Anyone building APIs should know how well they perform. Without a view into your API reliability, you’ll be gambling that everything works as expected. API consumers—internal collaborators, partners, or other external developers—will discover if your API breaks and let you know about it. Continuous Monitoring can help you uncover these issues proactively.

Developers that use your API may also want to know how well it performs. You can only share this data if you’ve been collecting it. Let’s look at what makes an API reliable and how you can track it over time.

What Makes an API Reliable?

In addition to meeting business needs, the next goal of your API should be reliability. If your API only works sometimes, nobody will want to use it. API consumers want to build atop a service they can trust.

A reliable API should have:

  • Consistency: are your API endpoints predictable and well-documented?
  • Availability: how often do your API endpoints experience downtime?
  • Low Latency: how quickly (or slowly) does your API respond to requests?
  • Security: who can access your API, and do they comply with your terms and conditions?
  • Status: do you report outages and scheduled maintenance to your users?

A single API call can tell much of this story, but only for a snapshot of that moment. You can automatically make calls through API Monitoring, which will give you reliability metrics over time.

What is API Monitoring?

To understand how well your API performs, you need to track your key reliability metrics. You may be able to analyze API logs or create specific test calls to generate monitoring logs. API logs give detailed information about each time an API endpoint was requested, including who requested it, how long it took to execute, and if the request succeeded. 

Alerts are another important part of API monitoring because you need to know your API has failed as soon as possible. When you implement alerts, you can monitor with minimal human supervision. Without API monitors and alerts, your API will fail silently and you won’t know that it needs fixing.

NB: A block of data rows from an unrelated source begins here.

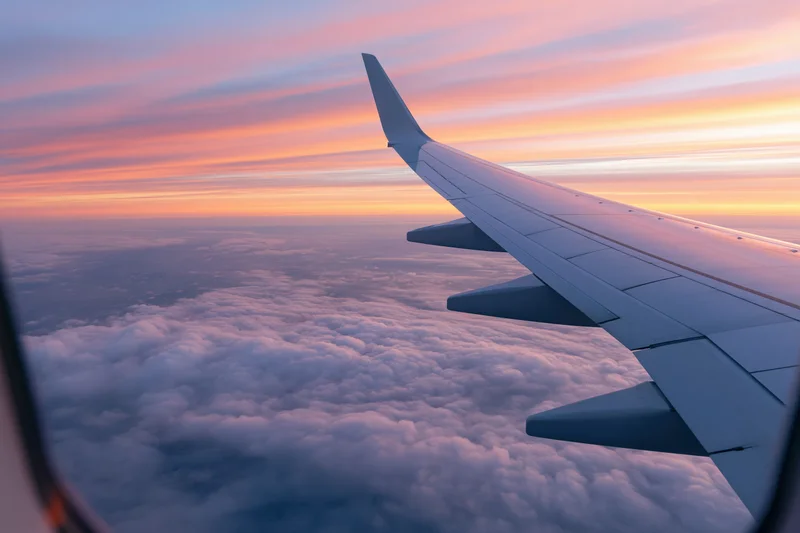 Airplane wing viewed through passenger window above cloud layer during sunset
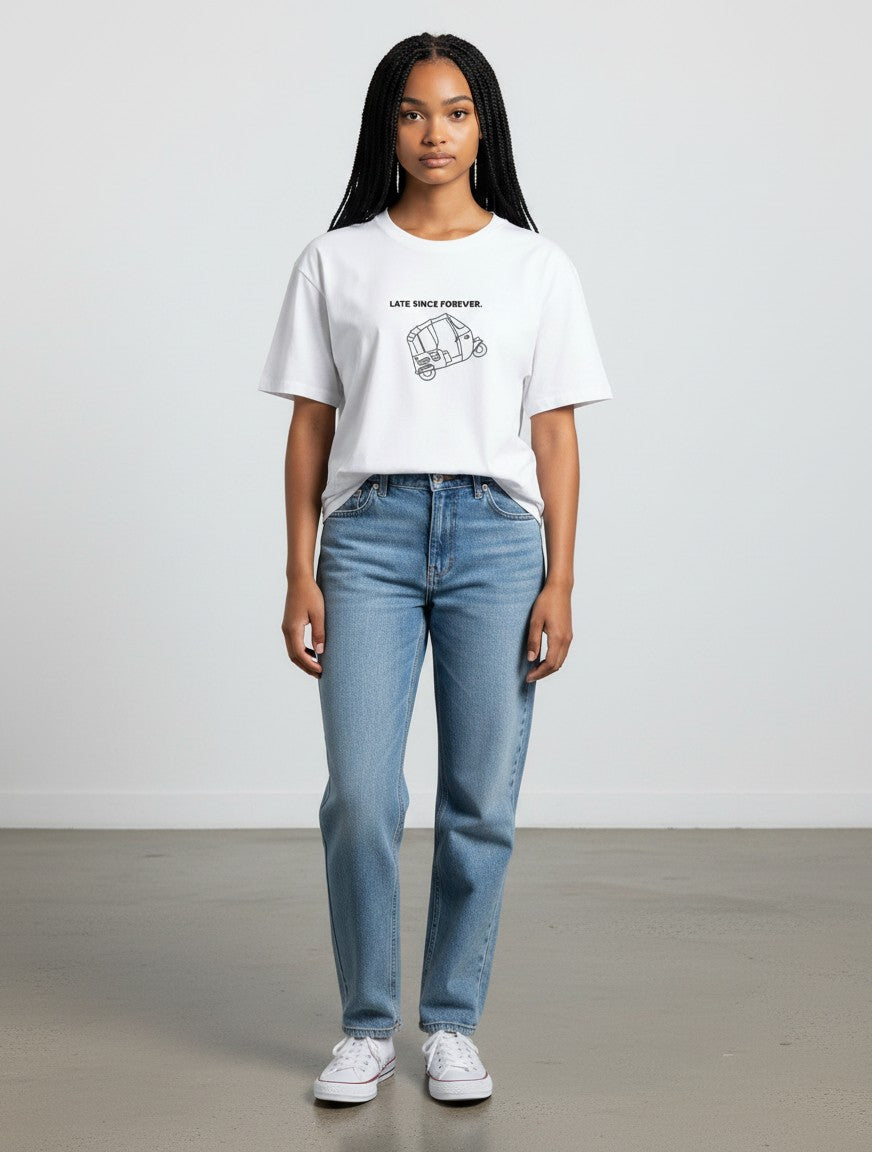 Model wearing a white mi-DONE oversized cotton t-shirt with a Mumbai rickshaw graphic print and blue jeans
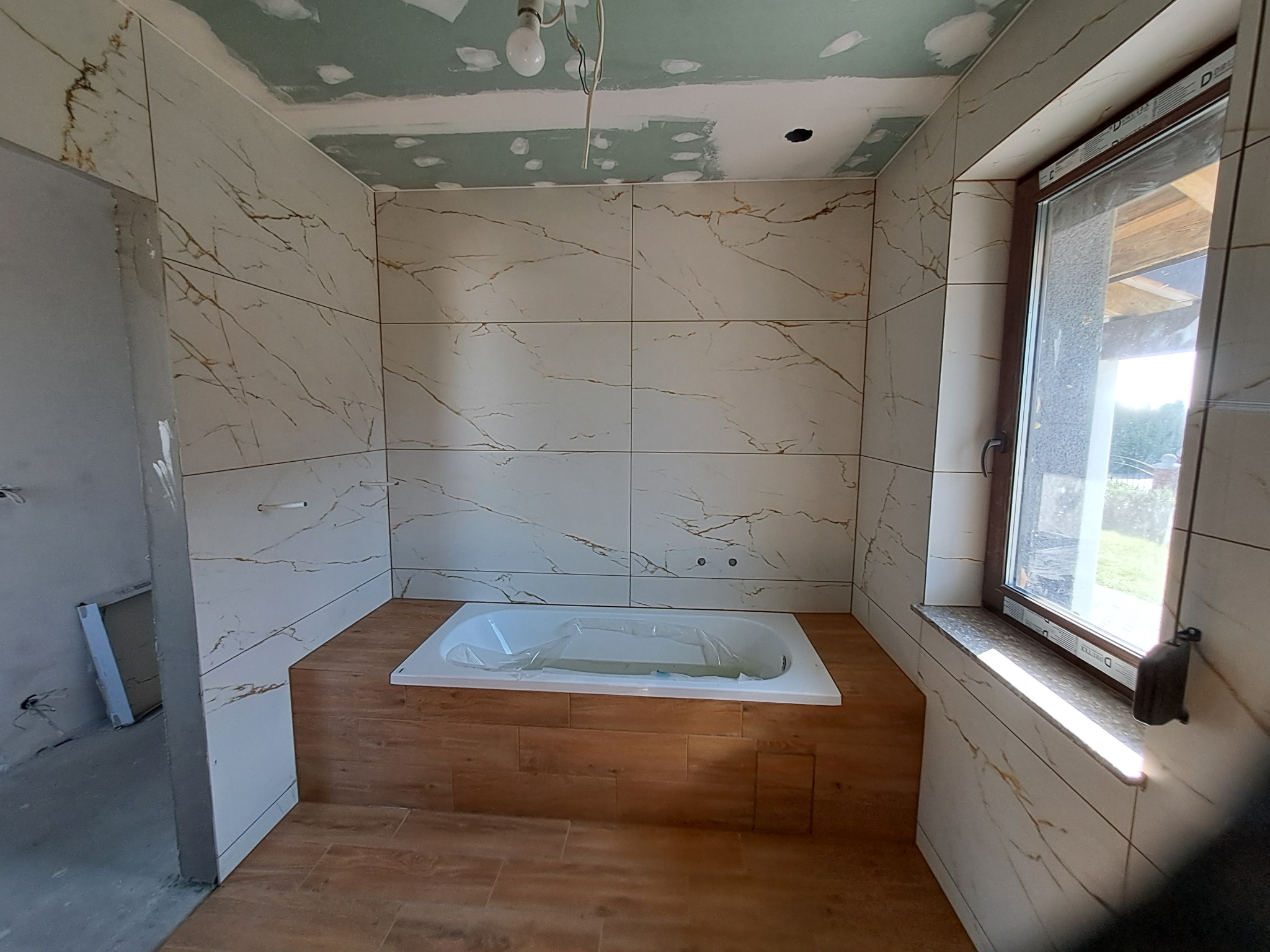 Niedokończona łazienka z wanną w obudowie z płytek imitujących drewno, ściany wyłożone płytkami z wzorem marmuru, surowy sufit z widocznymi śladami szpachlowania i wiszącą żarówką.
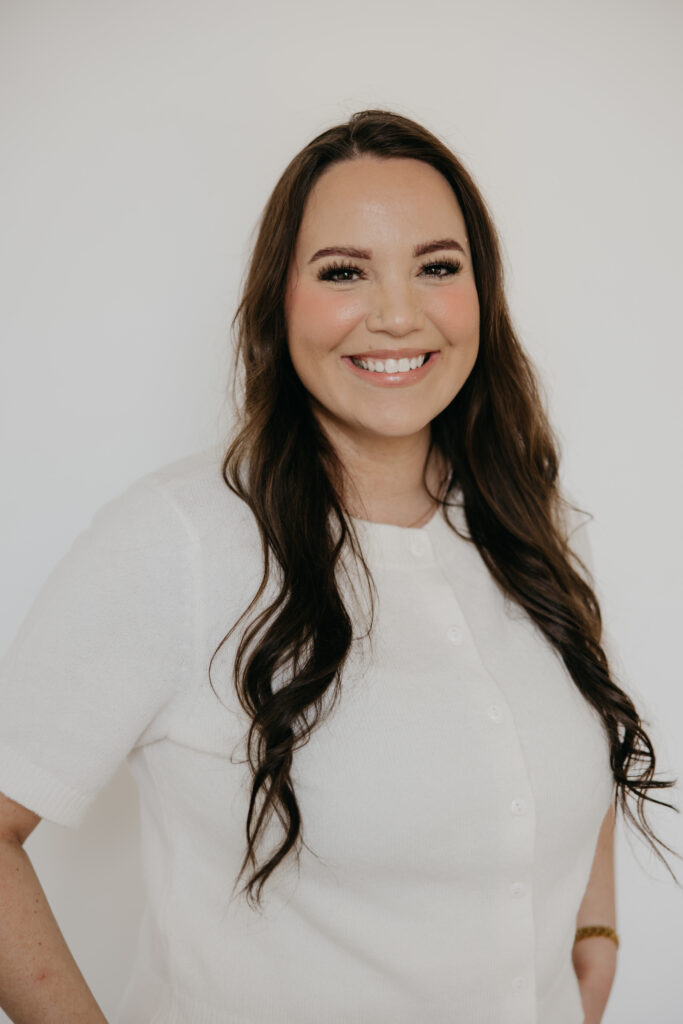 Woman with long dark hair in a white short-sleeve blouse smiling against a white backdrop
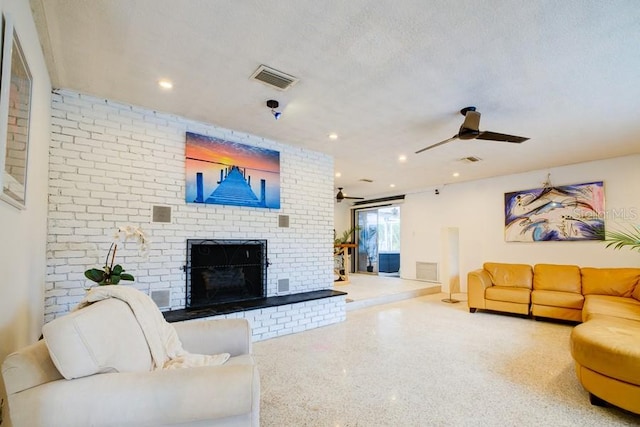552 Juan Anasco Dr, Longboat Key, FL 34228 - living area with speckle patterned floor, a brick fireplace, ceiling fan, and recessed lighting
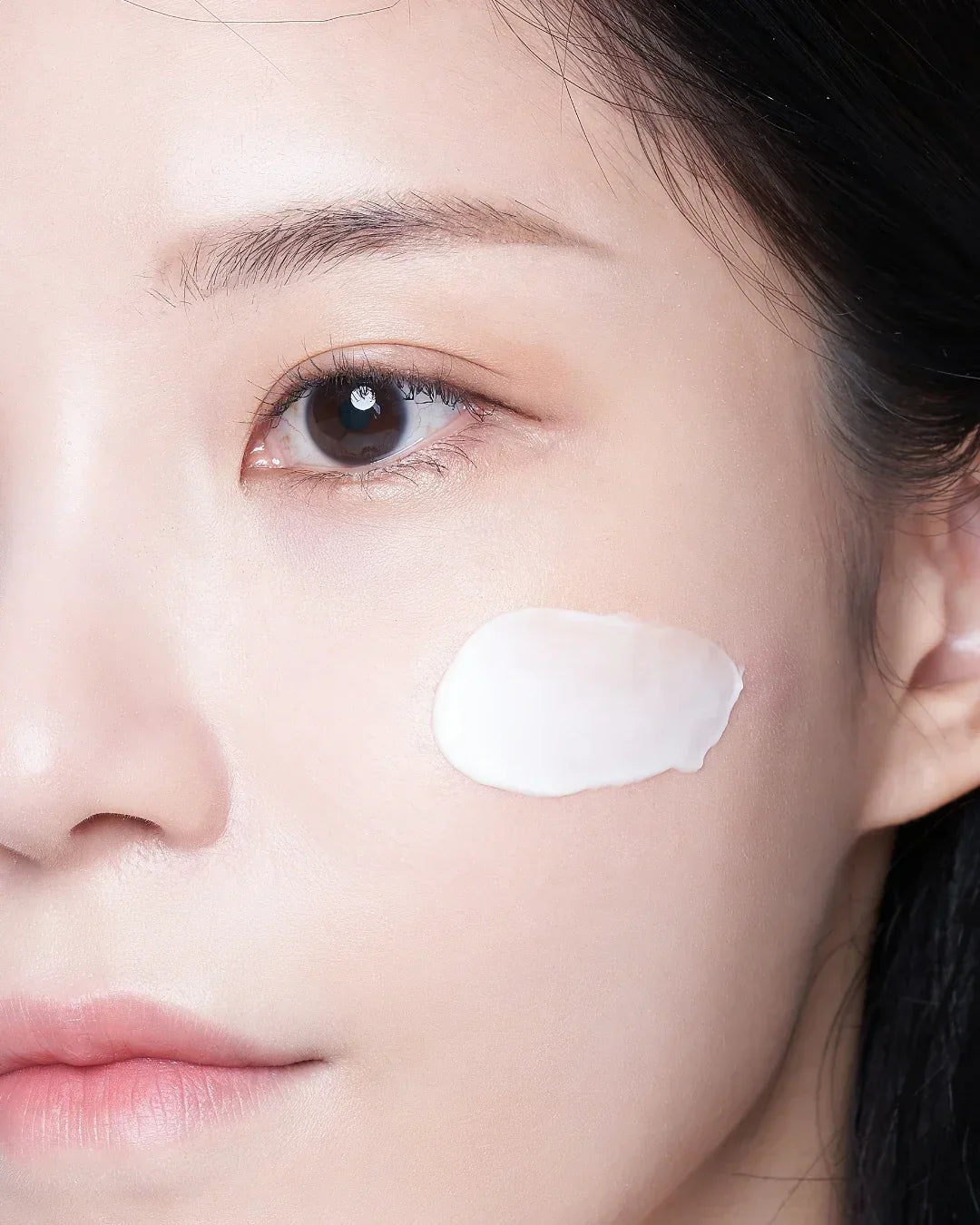 Close-up of woman's face with smooth skin and white cream applied on cheek for skincare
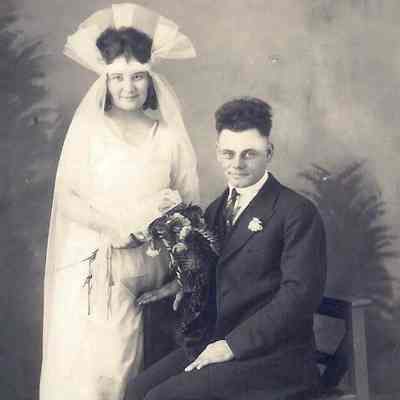 unidentified wedding couple in 1920's style dress..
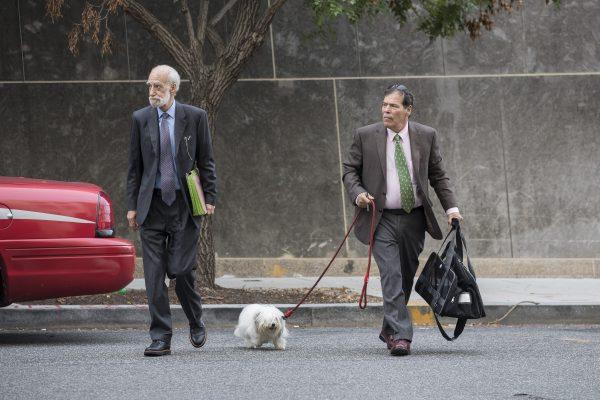 Randy Credico (R) and his dog Bianca arrive at U.S. District Court in Washington on Sept. 7, 2018. (Drew Angerer/Getty Images)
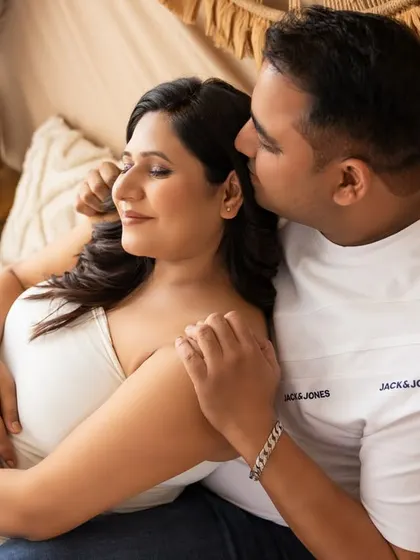 An intimate moment in the same boho setting. The partner gently kisses the mom-to-be's cheek as she closes her eyes, creating a peaceful and loving portrait.
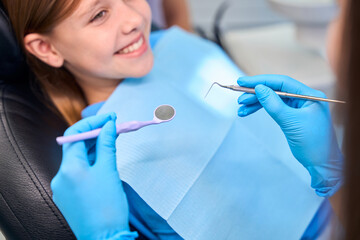 Smiling teenage girl sits in the dentists chair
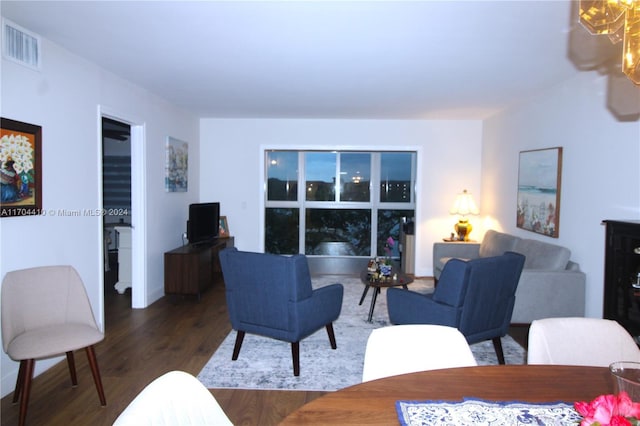 living room with dark hardwood / wood-style floors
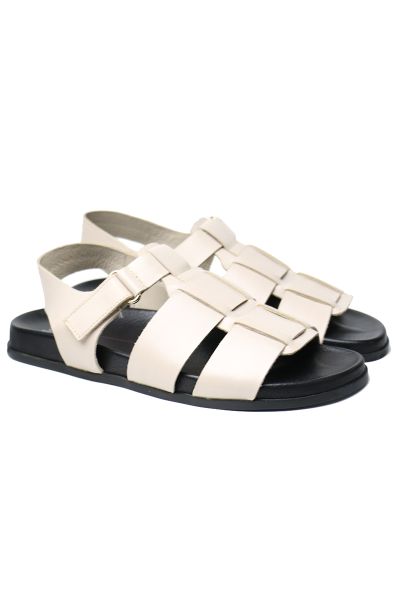 You can rely on these flat leather sandals by Mollini. Bold straps and riptape straps make this an easy everyday style. moulded footbed , platform sole and ankle strap.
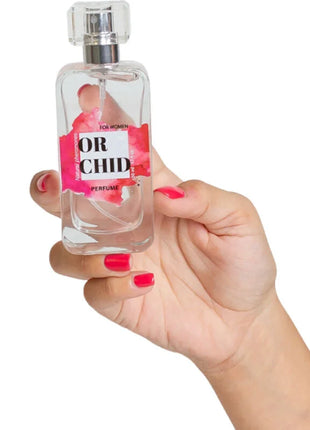 Eine klare glasparfümflasche mit silberner sprühdüse und pinkem blumenetikett or chid secretplay orchidée natürliche pheromon parfumspray 50 ml
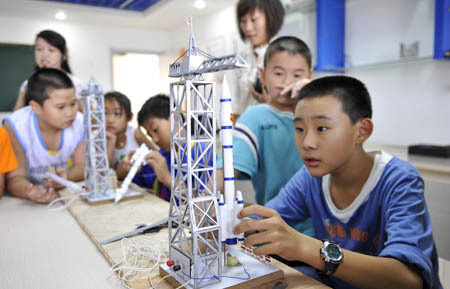 Pupils make models at the Children's Science Palace in Qingshan District, Baotou City, north China's Inner Mongolia Autonomous Region, on August 2, 2009. 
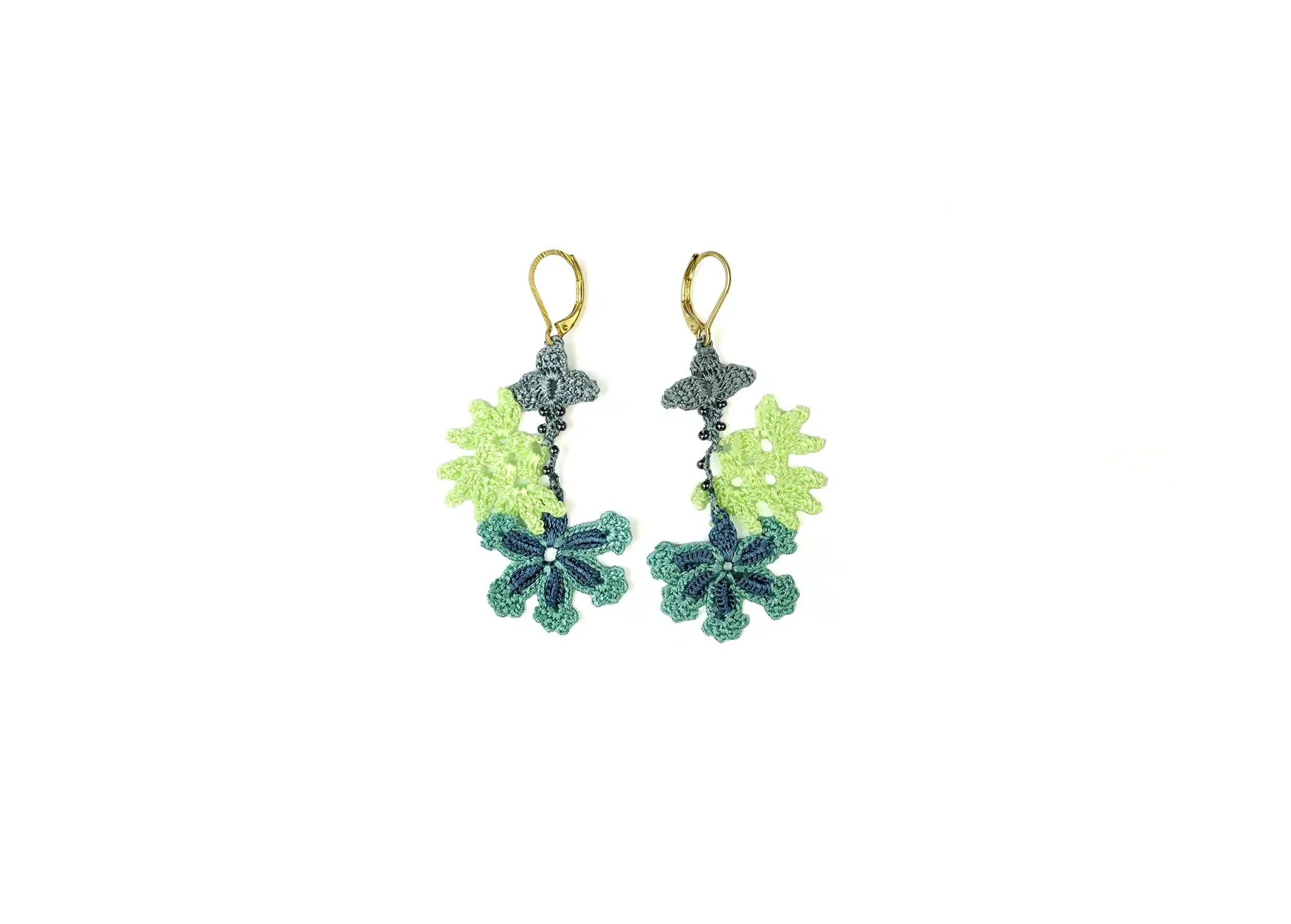 Thread lace and pearl earrings, ocean colour, photo taken against a white background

Remember that your API consumers likely pass along a key or token as part of your API Authentication. One common monitoring mistake is only to check non-authenticated requests. You want your security to be part of your API monitoring plan, so include calls that closely resemble real requests, including authentication. You might separately consider which consumers are making the largest use of your API. Increased usage could be a sign of a potential security issue to investigate.

Logs and alerts allow your API to tell you what is broken and can even uncover signs of a future issue. To get the full benefits of API monitoring, you’ll want these checks happening regularly.

How to Continuously Monitor an API

While you can run a monitor once or periodically, the real value comes from seeing patterns and spotting anomalies. It’s important to understand your API performance over time. With continuous API monitoring you can:

  • Analyze long-term trends: How quickly is the number of requests growing?
  • Compare API performance over time: Are your responses slower than last week?
  • Debug your API: Your error rate just went up; what else changed around the same time?

Testing is a powerful tool to include in your monitoring arsenal. You should write tests for authentication, availability, and speed. Run tests regularly because a variety of factors can affect your API performance, and frequent testing will make it easy to identify when API degradation began.

You can combine alerts, tests, and the data they produce into a status page to report API performance to your API consumers. A status page should indicate which endpoints are available and a timeline of previous outages or issues, which can build trust.

You can’t get started too early. There’s a place for API monitoring and testing at every stage of the API lifecycle. By using this approach to continuously monitor your API, you will give your teams the data needed to make it more reliable.